EXERCISE PROMPT
Give back the whole listing verbatim, printing none of its pictures.

AVAILABLE DATA

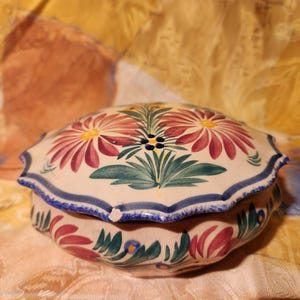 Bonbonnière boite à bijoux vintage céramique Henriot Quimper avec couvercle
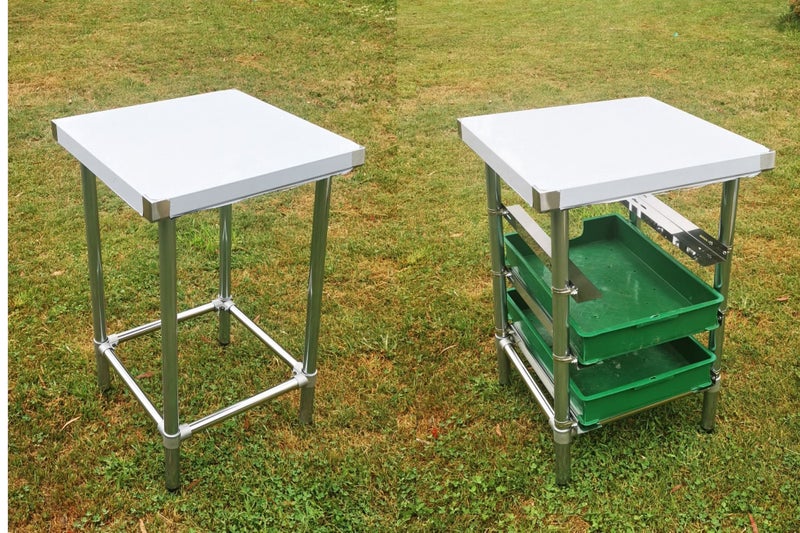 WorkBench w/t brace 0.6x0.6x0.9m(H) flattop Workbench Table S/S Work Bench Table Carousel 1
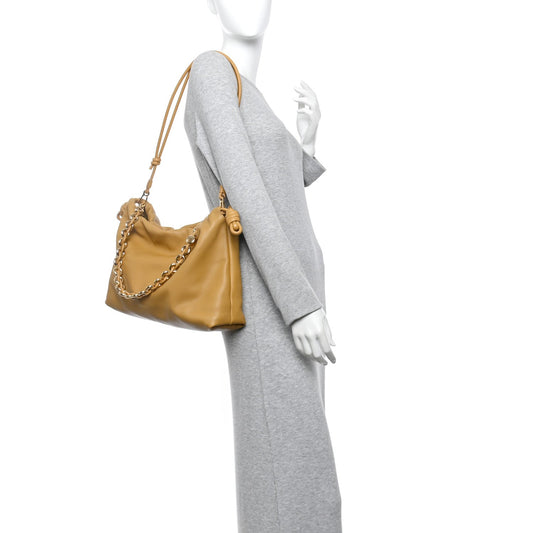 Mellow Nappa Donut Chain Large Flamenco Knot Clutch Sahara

REPLY TO THE EXERCISE
 Bonbonnière boite à bijoux vintage céramique Henriot Quimper avec couvercle
 WorkBench w/t brace 0.6x0.6x0.9m(H) flattop Workbench Table S/S Work Bench Table Carousel 1
 Mellow Nappa Donut Chain Large Flamenco Knot Clutch Sahara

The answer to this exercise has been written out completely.